Senator STANIFORTH SMITH (Western Australia) .-The proposed survey of a railway to connect Kalgoorlie with Port Augusta is naturally of great interest to the representatives of Western Australia, who are, therefore, inclined to dwell at some length on the advantages which the construction of a line of railway over the proposed route would confer upon the Commonwealth. I shall,however, confine my remarks, within, narrow limits; in the first place, because I have already published my views in a newspaper called 'the Traveller, and the proprietors of that journal have been good enough to supply each member of the Senate with a copy of the issue in which my article appears. I understand that a great many honorable Senators have done me the honour of reading my exposition of the case. Therefore it would be a work of supererogation to go over the ground again. The second reason why I intend to speak briefly on this occasion is that I think that honorable members have now made up their minds as to how they will vote on the Bill. The pros and cons have been fairly discussed, and it is not likely that any long speech, however able, would turn a vote. At this stage of the session the obligation devolves upon us to expedite the passage of business, so that as many as possible of the important measures now on the notice-paper may be dealt with before this Parliament concludes its labours. Those who advocate the expenditure of £20,000 for the survey of a route for a railway from Kalgoorlie to Port Augusta do so with the more confidence because ' Australia is now enjoying universal and unexampled prosperity, each of the State Treasurers with the exception of the Western Australian Treasurer, having announced a surplus - in one case amounting to as much as £800,000 - while the Commonwealth Treasurer stated in his Budget that the revenue of the past year is the largest we have yet received.

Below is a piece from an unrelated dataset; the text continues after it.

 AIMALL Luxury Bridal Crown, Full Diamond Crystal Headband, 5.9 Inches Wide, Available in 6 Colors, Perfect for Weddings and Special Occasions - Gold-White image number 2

Senator Higgs - We cannot use the surpluses of the States.

Senator STANIFORTHSMITH.No ; but the Commonwealth revenue is now larger than it has been previously. The Government have made certain proposals for the expenditure of money on what are clearly mere experiments. Among these is the proposal to set apart £500,000 for the payment of bounties to encourage certain sorts of production. Without traversing the Bounties Bill on the present occasion, though I hope to have something to say on. it later, I think that the success of some of its provision is at least doubtful, certain industries having been set down for encouragement in regard to the prospects of which there is perhaps insufficient knowledge. It has also been resolved to expend £8,000 on an investigation of the possibilities of trawling on our coasts.

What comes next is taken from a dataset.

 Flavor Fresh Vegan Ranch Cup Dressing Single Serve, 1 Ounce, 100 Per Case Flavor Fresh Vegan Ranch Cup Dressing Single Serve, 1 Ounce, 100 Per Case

Senator Millen - That expenditure was not unanimously approved.

Senator STANIFORTHSMITH.No; but it was approved. . I shall not care whether the Bill now before the Sen ate is unanimously approved so long as it is passed.


Senator Higgs - Does the honorable Senator regard the expenditure upon the proposed survey as experimental ?

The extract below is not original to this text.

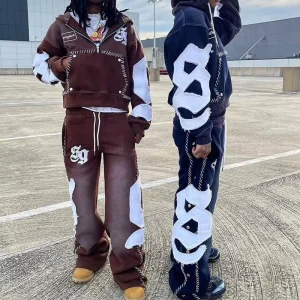 Fashion Men Knitted 500 Gsm 100% Cotton Thick Hoody Manufacturer Patch 450Gsm Stitch Men’s Tracksuit Sweatpants Hoodies Set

Senator STANIFORTHSMITH.I am about to show that it is not experimental, and will have to be incurred sooner or later. Therefore, there is no chance of the money being wasted, which may occur in connexion with the other projects to which I have referred. We also discussed the question of wireless telegraphy, and more or less cheerfully voted £10,000 without the Ministry having afforded the slightest information as to where it was to be expended. Last session we voted £25,000 towards the erection of a Queen Victoria memorial.


Senator Turley - And I could not get a division of the Senate on the proposal.

Senator STANIFORTHSMITH.That was a proposal of which I approved ; but it was based on a pure question of sentiment. There was no commercial advantage to be obtained. Yet the Senate voted £25,000 for the purpose.


Senator Turley - It was a disgrace to thesenate.